== Records shown

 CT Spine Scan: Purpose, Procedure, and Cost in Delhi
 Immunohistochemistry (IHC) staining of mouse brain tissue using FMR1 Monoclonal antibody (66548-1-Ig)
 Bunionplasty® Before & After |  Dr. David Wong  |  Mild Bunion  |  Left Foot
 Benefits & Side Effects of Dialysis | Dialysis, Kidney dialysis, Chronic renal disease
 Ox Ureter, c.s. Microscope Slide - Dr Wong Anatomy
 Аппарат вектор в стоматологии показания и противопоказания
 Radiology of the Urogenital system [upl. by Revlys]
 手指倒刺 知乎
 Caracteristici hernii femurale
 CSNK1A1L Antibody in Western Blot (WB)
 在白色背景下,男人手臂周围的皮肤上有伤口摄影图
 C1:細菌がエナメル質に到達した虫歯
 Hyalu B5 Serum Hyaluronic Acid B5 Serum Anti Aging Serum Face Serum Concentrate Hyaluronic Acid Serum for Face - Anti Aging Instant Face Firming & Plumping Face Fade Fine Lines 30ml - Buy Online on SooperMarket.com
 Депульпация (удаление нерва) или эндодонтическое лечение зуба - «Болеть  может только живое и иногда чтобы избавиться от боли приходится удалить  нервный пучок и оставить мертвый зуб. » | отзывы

====

## Task requirements
Take the lines above from the one holding "Benefits & Side" to the last and output them exactly.

## Answer box
 Benefits & Side Effects of Dialysis | Dialysis, Kidney dialysis, Chronic renal disease
 Ox Ureter, c.s. Microscope Slide - Dr Wong Anatomy
 Аппарат вектор в стоматологии показания и противопоказания
 Radiology of the Urogenital system [upl. by Revlys]
 手指倒刺 知乎
 Caracteristici hernii femurale
 CSNK1A1L Antibody in Western Blot (WB)
 在白色背景下,男人手臂周围的皮肤上有伤口摄影图
 C1:細菌がエナメル質に到達した虫歯
 Hyalu B5 Serum Hyaluronic Acid B5 Serum Anti Aging Serum Face Serum Concentrate Hyaluronic Acid Serum for Face - Anti Aging Instant Face Firming & Plumping Face Fade Fine Lines 30ml - Buy Online on SooperMarket.com
 Депульпация (удаление нерва) или эндодонтическое лечение зуба - «Болеть  может только живое и иногда чтобы избавиться от боли приходится удалить  нервный пучок и оставить мертвый зуб. » | отзывы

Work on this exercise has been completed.